Every country has a national holiday. France celebrates the storming of the Bastille. Mexico celebrates the revolt that began their war for independence from Spain. Sweden celebrates the election of a king. Belgium celebrates the ascension of one. India celebrates the transfer of power from Britain. Japan celebrates the emperor’s birthday.
America’s Independence Day is not the day the war began, nor the day it ended. It’s not the ascension of a leader, let alone his birthday. It is the day we declared our independence, in writing—the day we laid down the principles and the justification for our existence. It is a moral and philosophical holiday.
The Declaration of Independence is the greatest political document ever written, and the founding of America is a monumental human achievement. After thousands of years of monarchy, in almost every large-scale society, for most of human history—after all the tyrants and all the bloody wars of succession—a small group of daring leaders made a bold experiment in a new and better form of government. And they changed the world, setting off a chain of revolutions and reforms: today most of the Western world enjoys representative government, and most of its monarchies are constitutional or ceremonial.
The Founders did not know, could not have known, what would come of their experiment. They hoped that it would survive, that their fledgling nation would not become subordinated to the much stronger and constantly warring great powers of Europe, that the union of several independent states would last and not descend into fractious squabbling. They could never have guessed that the nation they birthed would go on to become the largest and most powerful economy on Earth, that we would lead the world in science and invention, that we would fight and win two world wars, that we would plant our flag on the Moon.
This 250th anniversary, then, should be a time of reverence and a time of joy. But today, some of those who feel the most reverence are also those who feel the least joy.
I understand why. We have not achieved the ideal of “a government of laws and not of men.” Our institutions have become bloated and sclerotic. We once again face a geopolitical rival with an authoritarian regime; collectivism was not defeated in the Cold War after all.
Some say that America is in a period of decadence, faltering and directionless. Some liken our condition to the last stage of the Roman Republic. Some say that this is the way of the world—empires rise and they fall.
But the American spirit is the opposite of such fatalism. I cannot, will not, resign myself to American stagnation, sclerosis, and decline.
As great as the Declaration was, the greatness of America is not only that we declared and won our independence. It is also in all the achievements since. That we unified the colonies into a strong federal system, under a brilliant Constitution. That we made the Louisiana Purchase and expanded into the West. That we abolished slavery. That we invented the reaper, the light bulb, the telephone, the airplane, the assembly line, the television, the computer, the Internet. That we gave a home to so many immigrants, from so many places, that they called us a “melting pot.” That we built the transcontinental railroad, the Panama Canal, the interstate highway system. That we gave women the vote. That we gave the world jazz and Hollywood. That we defeated the Nazis and faced down the Soviets. That we eliminated polio and led the eradication of smallpox.
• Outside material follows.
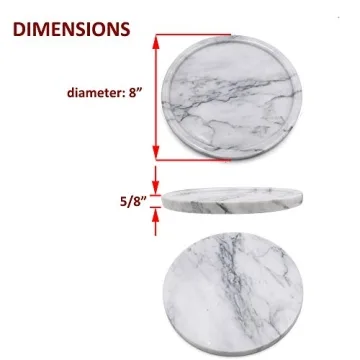 Elegant LUANT Circular Stone Decorative Tray - 8 Inch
Nor did the Declaration birth a perfect nation. We have always faced, and will always face, problems and threats both from without and from within. We have been plagued by corruption and scandal, rocked by banking crises, torn by civil war. We have known the fear of atomic warfare and of Sputniks orbiting overhead. Again and again, we have fought ourselves: over equal rights for all races and sexes, over whether to welcome foreigners or exclude them, over Prohibition.
When I look at the history of America, I don’t see a story of decline. I see a story of progress—however messy and hard-won. I see a long stumbling towards the light. That is the true way of the world.
And I see the spirit of America still strong among those who have not forgotten. Those who are building rockets and supersonic jets and nuclear power plants; those who are curing cancer and obesity and aging; those who are still tirelessly defending the rule of law, separation of powers, and freedom of speech. And I see Americans, sometimes in the crudest possible way, groping towards rediscovering our national self-esteem.
In America’s darkest hour, less than a century after its birth, Lincoln asked his countrymen to rededicate themselves to cause of liberty, and to the great unfinished work in front of them. He called on them to resolve that the nation would see a rebirth of freedom. Now, after a quarter-millennium, it is time for us to do that once more.
May the next 250 years do justice to the progress of the last 250.


Many nations have helped their people flourish. But only America has been constructed from the ground up as an *engine* of human flourishing, a nation with an *imperative* to enact a better becoming. I look forward to living it out another 250 years - at least.
Thanks for that. Happy Independence Day!